Exclude the pictures and retype the entries as written.

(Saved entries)
____

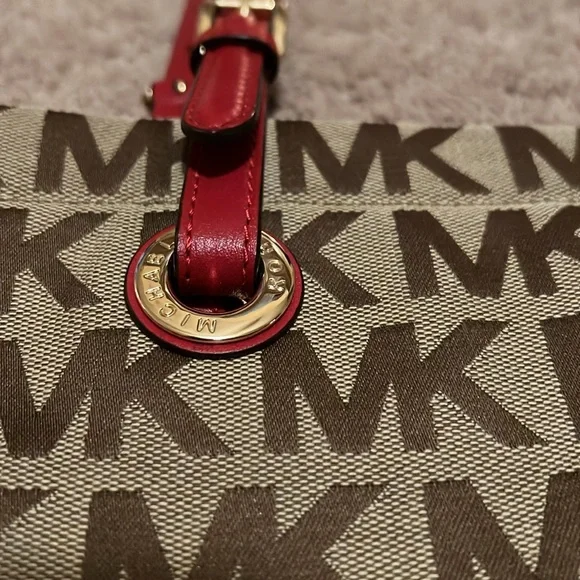 Michael Kors Signature Classic Monogram MK Tall Jet Set Tote in Brown/Tan/Red. - Picture 6 of 11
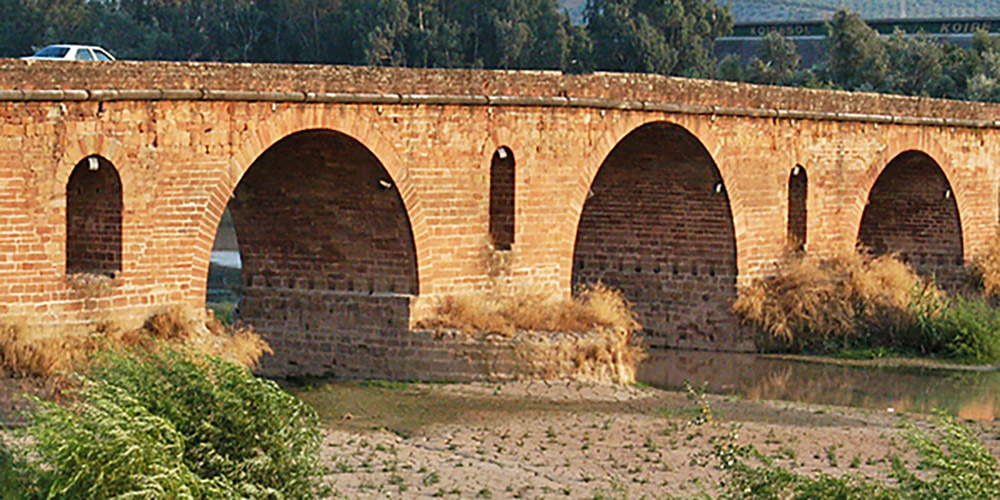 Policía Local informa sobre la interrupción del tráfico en los accesos al Puente Romano del 3 al 10 de abril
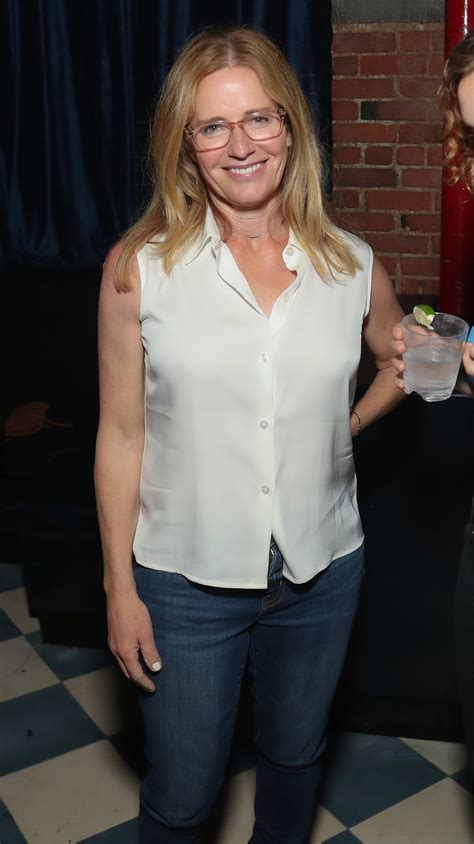 Felicitamos a la actriz Elisabeth Shue ('Karate Kid'), cumple 60 años | Long Play 80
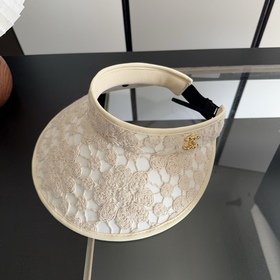 Шляпа без поля от CHANEL — незаменимы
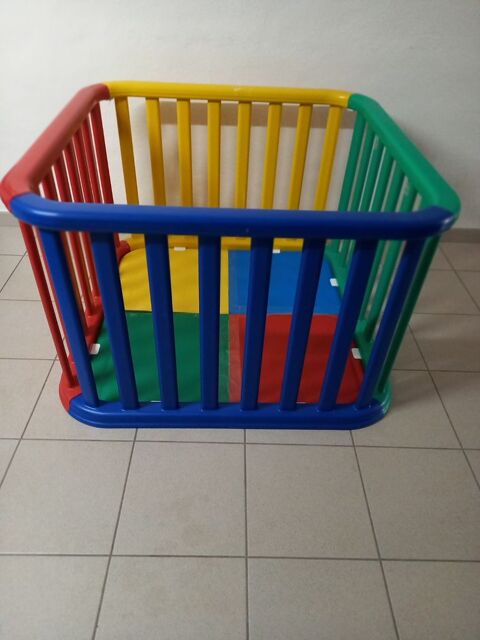 PARC POUR ENFANT, 3 PETITES CHAISES ET 2 REHAUSSEURS 50 La Roche-sur-Yon (85)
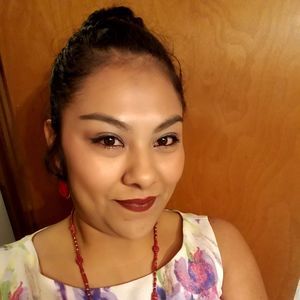 Meet your Posher, Lidia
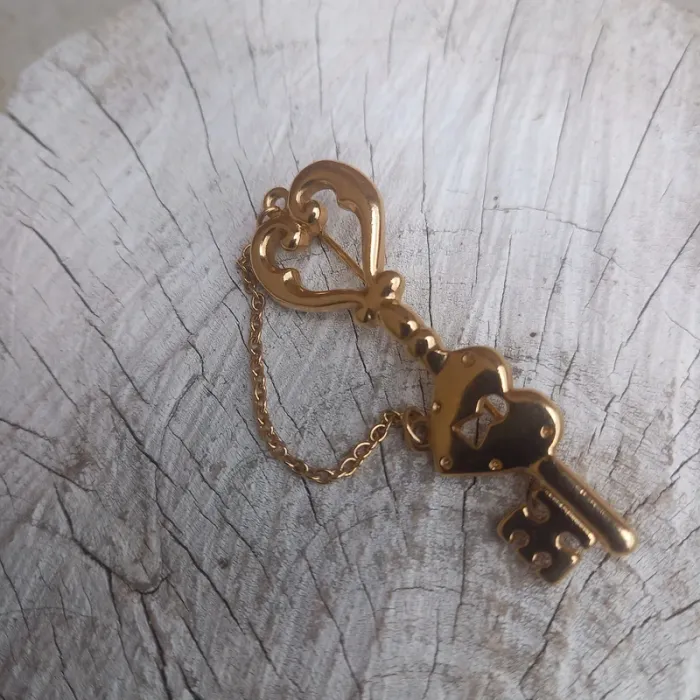 Broche vintage dorée clé - photo numéro 3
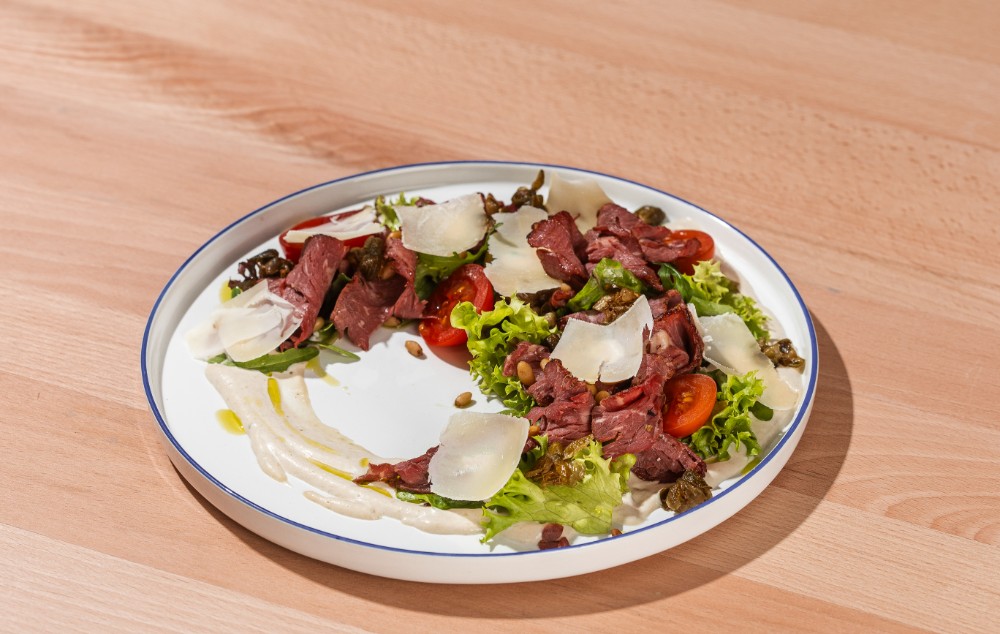 Вітелло-тонато із пармезаном та хрусткими каперсами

____

◆ REPLY TO THE TASK ◆
 Michael Kors Signature Classic Monogram MK Tall Jet Set Tote in Brown/Tan/Red. - Picture 6 of 11
 Policía Local informa sobre la interrupción del tráfico en los accesos al Puente Romano del 3 al 10 de abril
 Felicitamos a la actriz Elisabeth Shue ('Karate Kid'), cumple 60 años | Long Play 80
 Шляпа без поля от CHANEL — незаменимы
 PARC POUR ENFANT, 3 PETITES CHAISES ET 2 REHAUSSEURS 50 La Roche-sur-Yon (85)
 Meet your Posher, Lidia
 Broche vintage dorée clé - photo numéro 3
 Вітелло-тонато із пармезаном та хрусткими каперсами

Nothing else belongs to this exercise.